I’ll have to check them out! I looked at the kings pants and they were nice. Definitely take a look at these before buying others. 


Sent from my iPhone using Tapatalk


----------



## DIRTYS6X6 (May 19, 2021)

Was going order today however nothing in my size. Bad luck. Tomorrow a new day try again.


----------



## nickpan (May 6, 2008)

The Wrangler Walmart pants aren’t in stock most places, but happened on some the other day and could try them on and check them out. 

Actually seem quite a bit more durable than some of the others. Ordered some online, can’t wait to try em out. For $20 you can’t go wrong!


Sent from my iPhone using Tapatalk


----------



## CAExpat (Oct 27, 2013)

nickpan said:


> The Wrangler Walmart pants aren’t in stock most places, but happened on some the other day and could try them on and check them out.
> 
> Actually seem quite a bit more durable than some of the others. Ordered some online, can’t wait to try em out. For $20 you can’t go wrong!
> 
> ...


Like a lot of pants out there, some great options if you're under 6'. The sizing offering on a lot of these pants suck.


----------



## nickpan (May 6, 2008)

MooseMeat said:


> Seriously I love mine. I’ve got the nice Sitka and kuiu camo pants. And i hardly wear them anymore after getting these. They hold up way better, feel better and do everything the fancy stuff does for a fraction of the price.

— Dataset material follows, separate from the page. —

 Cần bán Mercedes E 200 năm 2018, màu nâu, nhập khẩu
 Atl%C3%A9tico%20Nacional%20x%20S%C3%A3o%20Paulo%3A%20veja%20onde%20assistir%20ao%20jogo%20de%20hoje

Update on the pants. Got back from my LE Elk hunt and dealt with rain, snow, and then the heat. Over 25 miles hiking. The Wrangler pants were awesome! Definitely recommend! 
Thanks for the recommendation MooseMeat!


Sent from my iPhone using Tapatalk


----------



## MooseMeat (Dec 27, 2017)

nickpan said:


> Update on the pants. Got back from my LE Elk hunt and dealt with rain, snow, and then the heat. Over 25 miles hiking. The Wrangler pants were awesome! Definitely recommend!
> Thanks for the recommendation MooseMeat!
> 
> 
> Sent from my iPhone using Tapatalk


Glad you like them. I just ordered 4 more pairs


----------